Work order: Search the records below for the line containing "Huge room in". Output that line and all later lines exactly; output nothing else.

Top of Data

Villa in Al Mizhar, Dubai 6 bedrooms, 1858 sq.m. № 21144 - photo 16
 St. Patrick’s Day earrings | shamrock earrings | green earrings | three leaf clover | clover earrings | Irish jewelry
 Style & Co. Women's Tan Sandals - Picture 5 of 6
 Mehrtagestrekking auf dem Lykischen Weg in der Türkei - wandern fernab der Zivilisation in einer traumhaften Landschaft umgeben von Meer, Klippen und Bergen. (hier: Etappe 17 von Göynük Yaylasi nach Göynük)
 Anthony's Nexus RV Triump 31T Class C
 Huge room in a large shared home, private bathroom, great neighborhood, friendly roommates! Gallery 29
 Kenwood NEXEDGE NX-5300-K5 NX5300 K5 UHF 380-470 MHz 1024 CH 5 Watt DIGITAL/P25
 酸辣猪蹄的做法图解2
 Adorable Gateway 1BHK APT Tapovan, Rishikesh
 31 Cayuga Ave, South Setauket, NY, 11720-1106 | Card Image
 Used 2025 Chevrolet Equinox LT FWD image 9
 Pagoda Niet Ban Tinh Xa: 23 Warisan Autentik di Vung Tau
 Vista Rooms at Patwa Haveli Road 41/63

Bottom of Data

Answer section:
 Huge room in a large shared home, private bathroom, great neighborhood, friendly roommates! Gallery 29
 Kenwood NEXEDGE NX-5300-K5 NX5300 K5 UHF 380-470 MHz 1024 CH 5 Watt DIGITAL/P25
 酸辣猪蹄的做法图解2
 Adorable Gateway 1BHK APT Tapovan, Rishikesh
 31 Cayuga Ave, South Setauket, NY, 11720-1106 | Card Image
 Used 2025 Chevrolet Equinox LT FWD image 9
 Pagoda Niet Ban Tinh Xa: 23 Warisan Autentik di Vung Tau
 Vista Rooms at Patwa Haveli Road 41/63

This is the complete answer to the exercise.